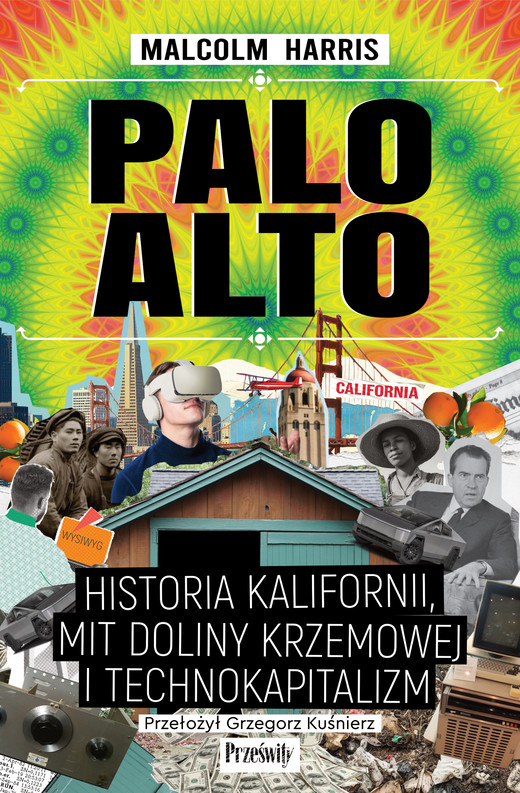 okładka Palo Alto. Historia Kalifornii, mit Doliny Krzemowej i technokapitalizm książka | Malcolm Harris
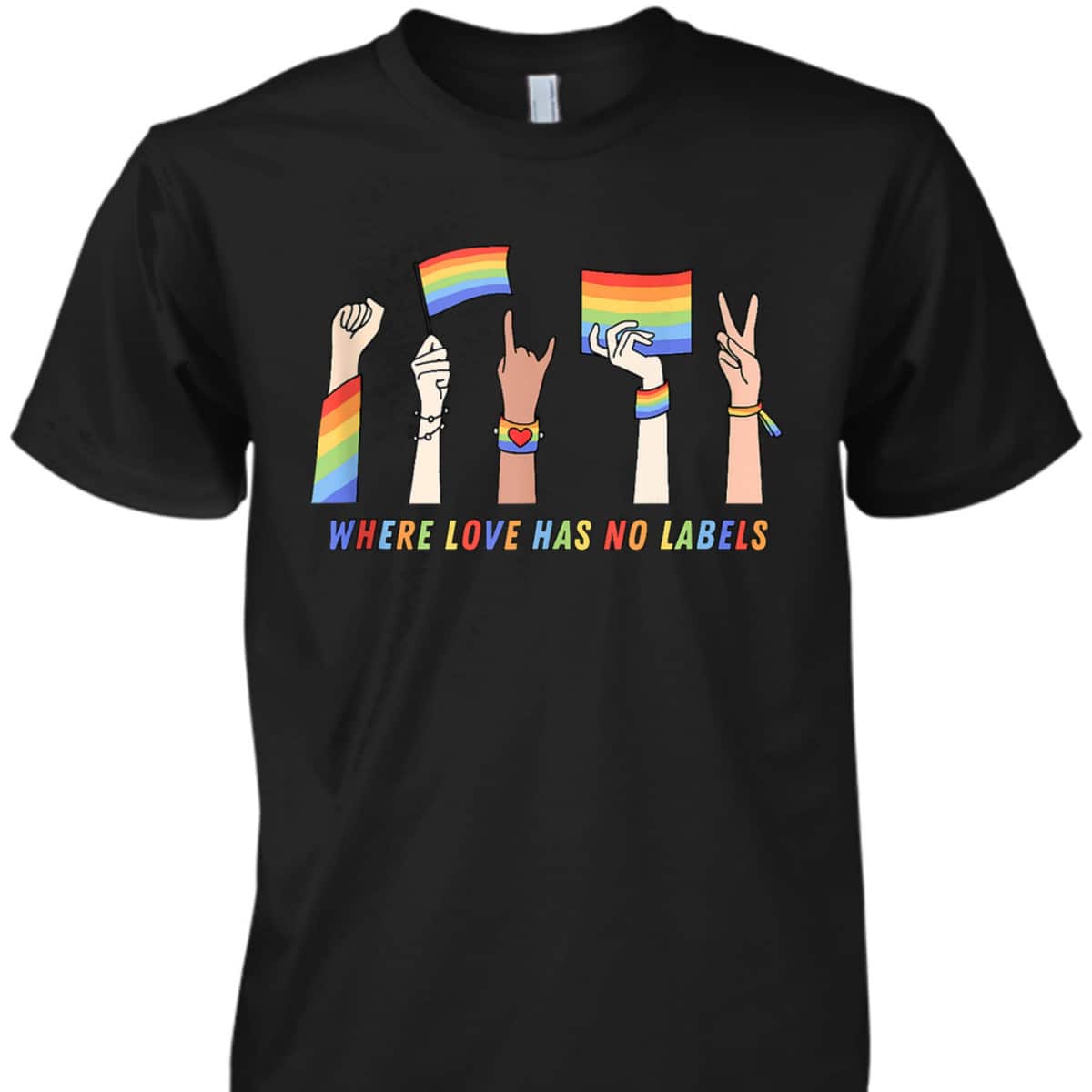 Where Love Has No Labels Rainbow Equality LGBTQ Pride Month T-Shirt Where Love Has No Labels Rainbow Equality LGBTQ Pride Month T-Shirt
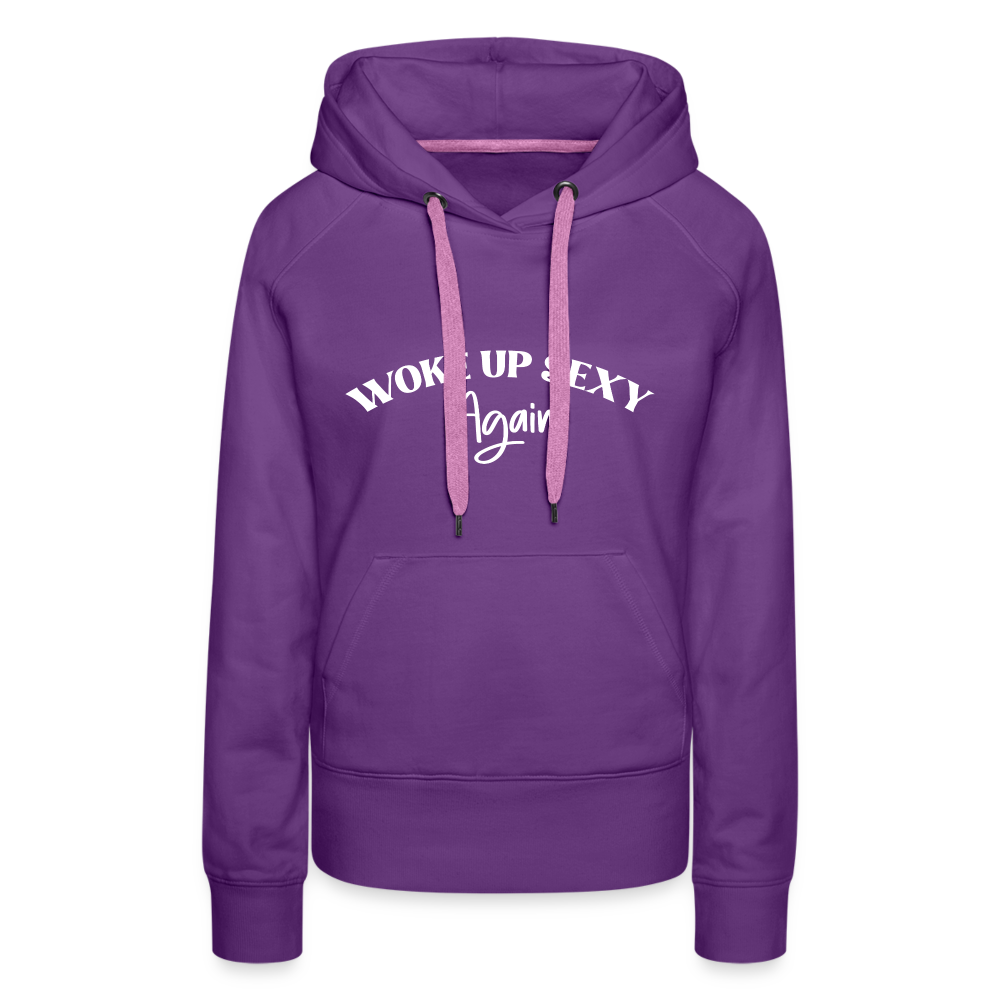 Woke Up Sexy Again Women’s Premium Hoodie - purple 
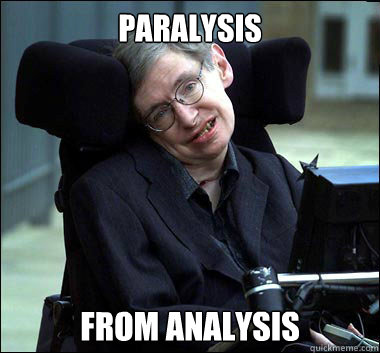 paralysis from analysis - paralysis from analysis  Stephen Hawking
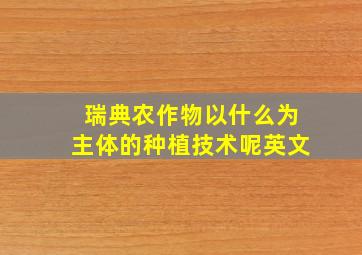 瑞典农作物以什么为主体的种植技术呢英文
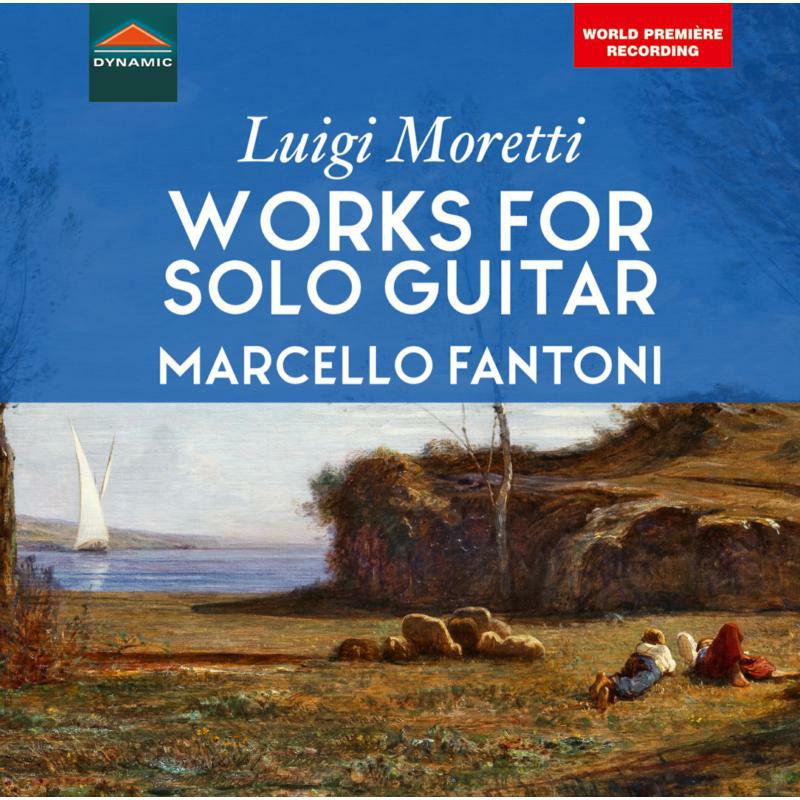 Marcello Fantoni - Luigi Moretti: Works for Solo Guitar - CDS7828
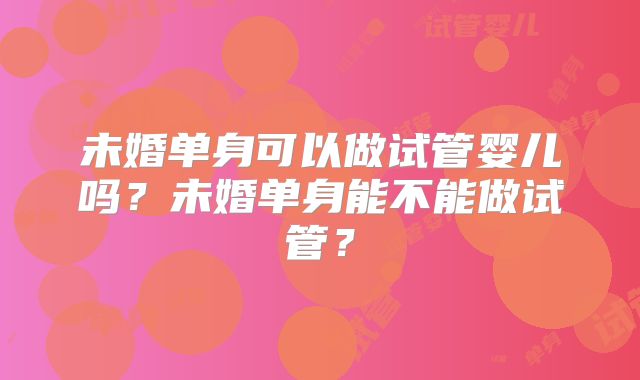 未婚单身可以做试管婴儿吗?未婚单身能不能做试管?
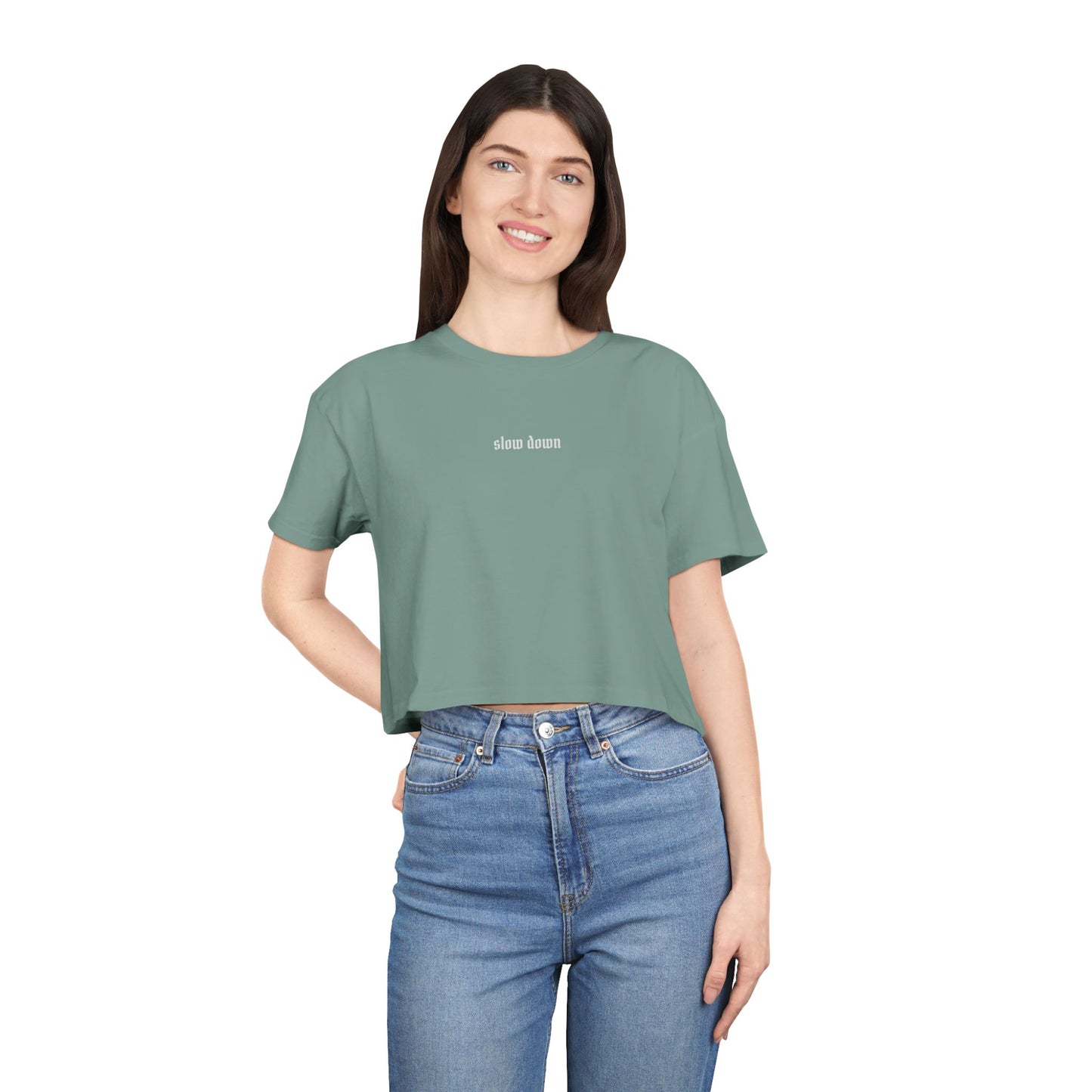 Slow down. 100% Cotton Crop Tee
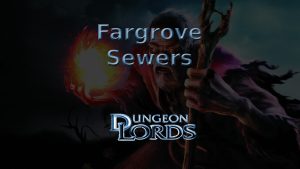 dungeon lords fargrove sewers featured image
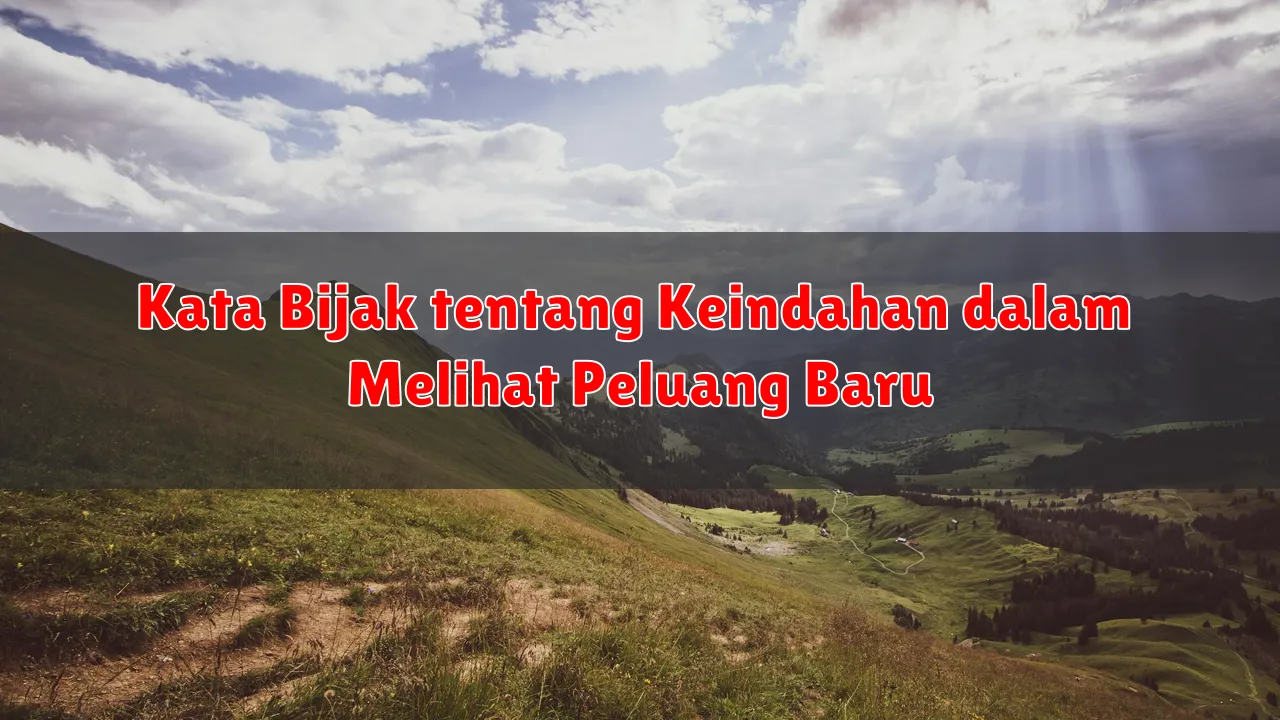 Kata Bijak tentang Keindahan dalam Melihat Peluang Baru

********************

### Assignment
Each record must be set down again without alteration, and no picture may be carried over.

### Solution to this exercise
 okładka Palo Alto. Historia Kalifornii, mit Doliny Krzemowej i technokapitalizm książka | Malcolm Harris
 Where Love Has No Labels Rainbow Equality LGBTQ Pride Month T-Shirt Where Love Has No Labels Rainbow Equality LGBTQ Pride Month T-Shirt
 Woke Up Sexy Again Women’s Premium Hoodie - purple 
 paralysis from analysis - paralysis from analysis  Stephen Hawking
 瑞典农作物以什么为主体的种植技术呢英文
 Marcello Fantoni - Luigi Moretti: Works for Solo Guitar - CDS7828
 未婚单身可以做试管婴儿吗?未婚单身能不能做试管?
 Slow down. 100% Cotton Crop Tee
 dungeon lords fargrove sewers featured image
 Kata Bijak tentang Keindahan dalam Melihat Peluang Baru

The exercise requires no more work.